• Directions:
Locate the word "really" in the entries below, then gather every line that holds it.

• Provided material:
──────
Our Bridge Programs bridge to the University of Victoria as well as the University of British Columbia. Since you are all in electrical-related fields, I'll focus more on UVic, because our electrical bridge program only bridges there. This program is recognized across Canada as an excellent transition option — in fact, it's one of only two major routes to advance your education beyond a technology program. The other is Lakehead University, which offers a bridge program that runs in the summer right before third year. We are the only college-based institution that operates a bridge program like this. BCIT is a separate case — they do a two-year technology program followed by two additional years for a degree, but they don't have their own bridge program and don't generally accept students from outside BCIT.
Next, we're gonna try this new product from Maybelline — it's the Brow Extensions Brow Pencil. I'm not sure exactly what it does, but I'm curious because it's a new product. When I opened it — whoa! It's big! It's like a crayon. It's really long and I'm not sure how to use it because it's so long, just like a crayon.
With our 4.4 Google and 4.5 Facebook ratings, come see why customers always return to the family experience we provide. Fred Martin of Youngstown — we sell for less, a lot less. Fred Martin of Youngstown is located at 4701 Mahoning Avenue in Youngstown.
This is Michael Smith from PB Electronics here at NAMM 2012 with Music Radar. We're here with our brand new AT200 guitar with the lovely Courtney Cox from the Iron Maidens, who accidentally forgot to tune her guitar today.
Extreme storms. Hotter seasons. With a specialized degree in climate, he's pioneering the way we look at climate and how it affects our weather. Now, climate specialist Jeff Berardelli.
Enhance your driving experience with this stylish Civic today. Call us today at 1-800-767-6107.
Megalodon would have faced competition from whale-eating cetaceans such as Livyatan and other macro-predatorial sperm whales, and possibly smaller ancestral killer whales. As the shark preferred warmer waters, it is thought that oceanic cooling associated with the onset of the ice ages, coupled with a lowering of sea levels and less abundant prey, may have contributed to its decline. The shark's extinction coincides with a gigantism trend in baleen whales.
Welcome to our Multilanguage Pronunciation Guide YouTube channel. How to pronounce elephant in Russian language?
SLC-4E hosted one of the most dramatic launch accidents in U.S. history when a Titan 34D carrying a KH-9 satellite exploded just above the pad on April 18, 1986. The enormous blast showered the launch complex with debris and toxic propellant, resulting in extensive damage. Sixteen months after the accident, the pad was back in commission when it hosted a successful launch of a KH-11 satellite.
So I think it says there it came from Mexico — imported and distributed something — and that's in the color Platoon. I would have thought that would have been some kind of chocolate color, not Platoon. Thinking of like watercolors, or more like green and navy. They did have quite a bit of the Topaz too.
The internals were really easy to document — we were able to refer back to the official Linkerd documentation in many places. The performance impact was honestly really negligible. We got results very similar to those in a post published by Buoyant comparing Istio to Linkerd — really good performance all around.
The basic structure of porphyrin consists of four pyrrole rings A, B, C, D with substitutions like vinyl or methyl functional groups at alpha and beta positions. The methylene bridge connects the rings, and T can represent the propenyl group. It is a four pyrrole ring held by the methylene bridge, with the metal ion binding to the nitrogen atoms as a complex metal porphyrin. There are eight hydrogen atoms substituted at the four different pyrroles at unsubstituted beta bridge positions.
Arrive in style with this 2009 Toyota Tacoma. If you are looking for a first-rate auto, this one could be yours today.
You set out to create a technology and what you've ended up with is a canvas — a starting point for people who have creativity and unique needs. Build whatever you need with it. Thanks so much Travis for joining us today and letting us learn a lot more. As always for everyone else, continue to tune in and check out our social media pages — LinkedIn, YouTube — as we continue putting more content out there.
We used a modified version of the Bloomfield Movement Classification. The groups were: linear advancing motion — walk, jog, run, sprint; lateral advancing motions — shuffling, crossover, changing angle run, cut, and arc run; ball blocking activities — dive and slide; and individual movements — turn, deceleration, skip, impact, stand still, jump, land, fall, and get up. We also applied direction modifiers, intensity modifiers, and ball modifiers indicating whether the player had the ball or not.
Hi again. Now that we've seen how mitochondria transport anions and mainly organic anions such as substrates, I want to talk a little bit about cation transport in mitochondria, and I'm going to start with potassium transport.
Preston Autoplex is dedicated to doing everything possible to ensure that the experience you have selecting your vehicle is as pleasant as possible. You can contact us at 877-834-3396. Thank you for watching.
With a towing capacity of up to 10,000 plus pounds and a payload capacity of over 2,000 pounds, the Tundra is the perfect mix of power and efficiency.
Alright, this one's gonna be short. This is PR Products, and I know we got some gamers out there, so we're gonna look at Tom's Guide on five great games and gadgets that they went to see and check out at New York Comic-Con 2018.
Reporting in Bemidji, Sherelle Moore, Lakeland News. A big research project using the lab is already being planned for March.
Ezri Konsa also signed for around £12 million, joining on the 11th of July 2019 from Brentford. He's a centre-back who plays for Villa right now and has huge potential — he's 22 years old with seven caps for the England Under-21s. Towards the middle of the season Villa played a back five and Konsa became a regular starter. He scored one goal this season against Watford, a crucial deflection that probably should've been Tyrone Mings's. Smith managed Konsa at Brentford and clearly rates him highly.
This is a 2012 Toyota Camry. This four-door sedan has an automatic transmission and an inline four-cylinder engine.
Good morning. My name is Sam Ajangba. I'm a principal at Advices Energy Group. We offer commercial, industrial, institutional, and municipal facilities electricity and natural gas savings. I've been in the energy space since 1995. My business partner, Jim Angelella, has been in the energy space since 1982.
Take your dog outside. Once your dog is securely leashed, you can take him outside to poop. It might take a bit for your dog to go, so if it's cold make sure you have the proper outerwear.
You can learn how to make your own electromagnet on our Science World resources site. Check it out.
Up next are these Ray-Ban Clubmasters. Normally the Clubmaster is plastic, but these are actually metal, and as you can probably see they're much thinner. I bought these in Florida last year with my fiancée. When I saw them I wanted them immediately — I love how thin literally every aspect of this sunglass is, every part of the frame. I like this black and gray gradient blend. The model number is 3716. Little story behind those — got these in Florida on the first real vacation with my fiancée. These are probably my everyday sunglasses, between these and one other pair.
──────
• Final answer:
Next, we're gonna try this new product from Maybelline — it's the Brow Extensions Brow Pencil. I'm not sure exactly what it does, but I'm curious because it's a new product. When I opened it — whoa! It's big! It's like a crayon. It's really long and I'm not sure how to use it because it's so long, just like a crayon.
The internals were really easy to document — we were able to refer back to the official Linkerd documentation in many places. The performance impact was honestly really negligible. We got results very similar to those in a post published by Buoyant comparing Istio to Linkerd — really good performance all around.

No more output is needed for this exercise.